Unlike the last two garments I showed you, when I put on this top I sighed a definite YES.
When I went to Sewjourn recently, all four of us decided to sew our own version of the Marilla Walker Maya top. It’s been around for a few years now, and I had to admit that I had passed it over due to it’s simplicity. That was really short-sighted of me!
Because really, simple shapes are my jam. Yes I like interesting details, or fabulous fabrics, but the clothing that I feel the best in is usually quite straightforward.
From the pattern website: The Maya pattern takes its influence from my Central American mother and family. It is a kimono/cap sleeve dress or top that is designed to hang well from the shoulders and have a wide fit from the bust down, much like a traditional Guatemalan Huipil. It is intended to be playful and fun and can really showcase an amazing fabric, whether that be a bold print or luscious fibre.
Although relatively simple in design, the variations are endless and there are several lengths to choose from ranging from a cropped top to a knee length dress with a hip length top and shorter dress length in-between. Other variants include a straight or shaped hem, button or plain front as well as an option for a sash belt.
The construction is straight forward and creates a tidy finish as you work through the instructions leaving no raw edges in sight.
FABRIC SUGGESTIONS – Light to medium weight woven fabric.
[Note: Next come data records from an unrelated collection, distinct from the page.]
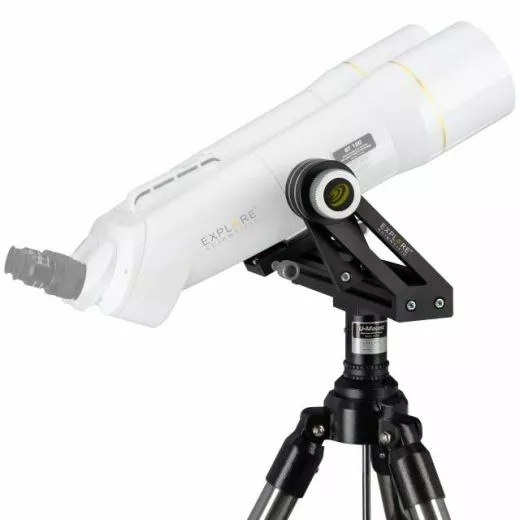 EXPLORE SCIENTIFIC U-Montierung mit Stativ fr Grofernglser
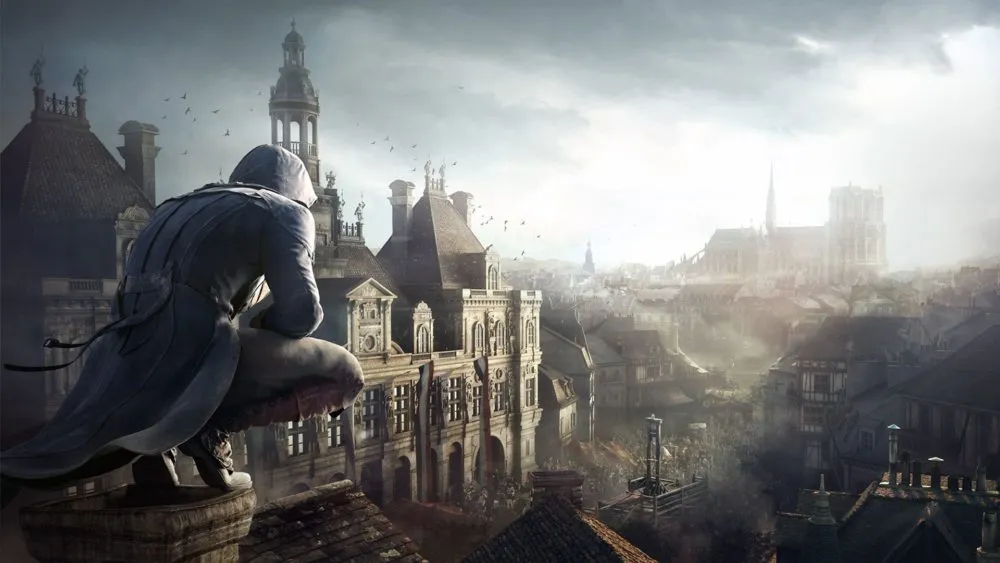 Assassin's creed unity, notre-dame, ubisoft, steam, review bombings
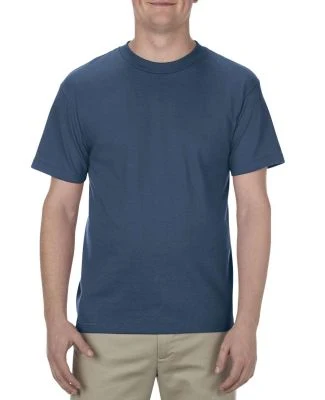 Alstyle 1301 Heavyweight T Shirt by American Appar in Harbor blue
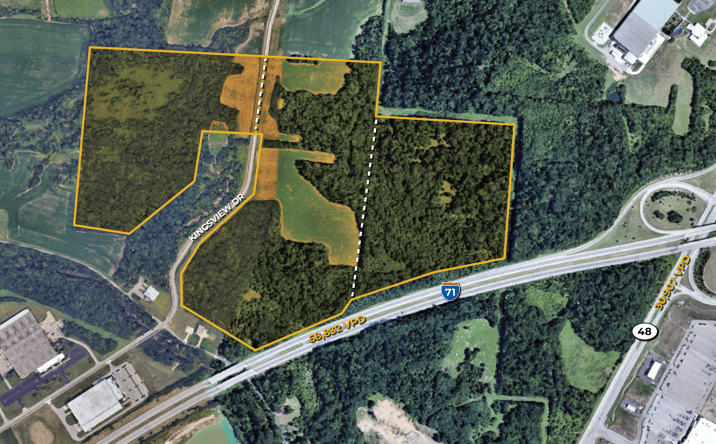 Pictures of Land property located at Kingsview Dr, Lebanon, OH 45036 for sales - image #1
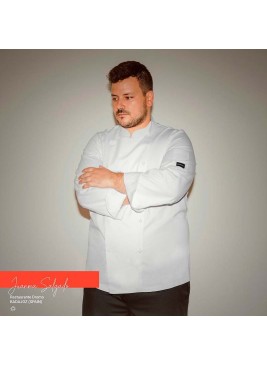 Chaqueta chef Garys 933100 Ulises Blanco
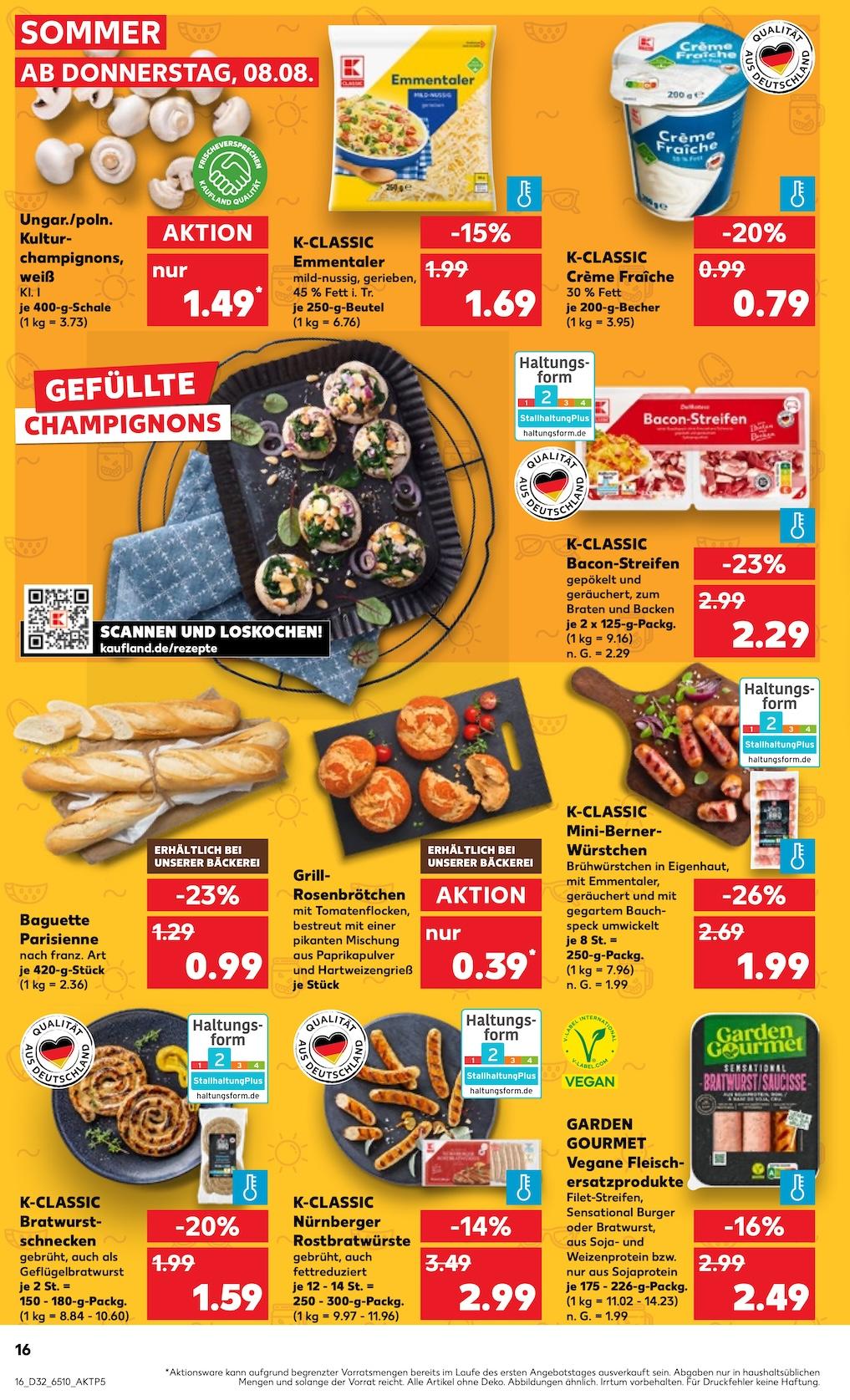 Kaufland Aktueller Prospekt ab Donnerstag Seite 16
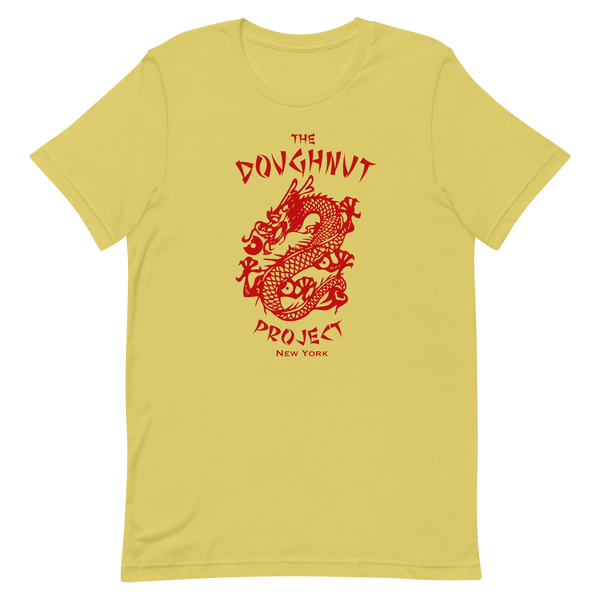 Red Dragon on Black Tee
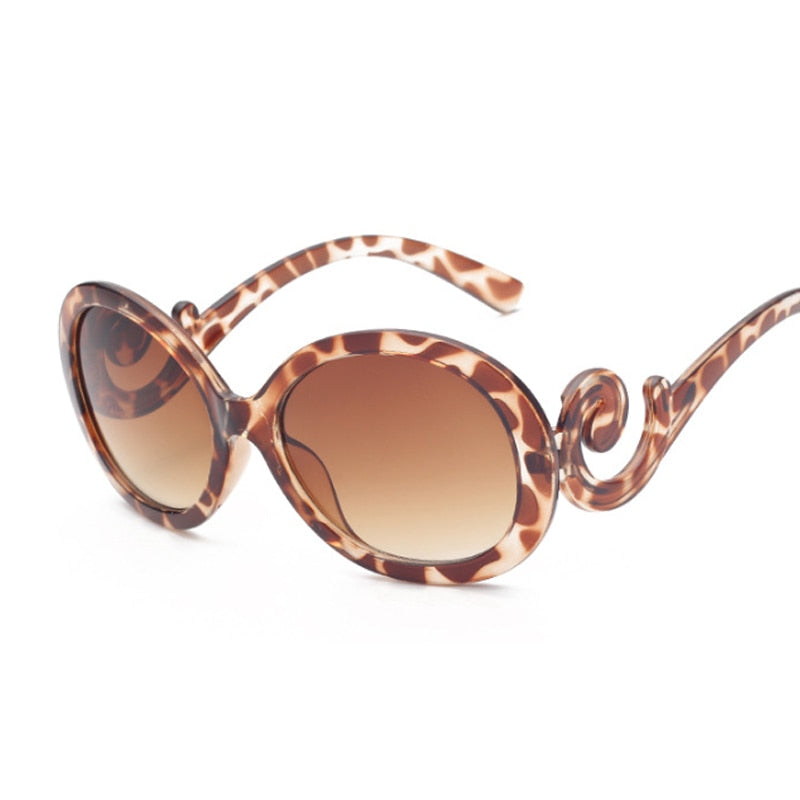 Oval Sunglasses Women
I sewed size 7, which was closest to my bust measurement, but could have gone down to size 6. The fabrics are linen scraps from stash, and the choice of colours and the contrasting bottom panel were entirely depending on the size of the scraps. I really like the colour combination. The yellow linen was originally used to sew the Style Arc Lola pants I’m wearing with the top, and a brown pair that is also still in my wardrobe). I really do like working with linen. Essentially this is view A, without the front pocket, and with a curved front and back hemline. I cut the pattern at the shorten/lengthen line to divide it for colour blocking (and remembered to add seam allowances when I cut it out). The instructions have you finish the curved hem before sewing together the side seams, which is an excellent tip that gives a very nice finished result. All the topstitching is done in brown thread.
This is a look that I feel very comfortable in. It’s more ‘me’.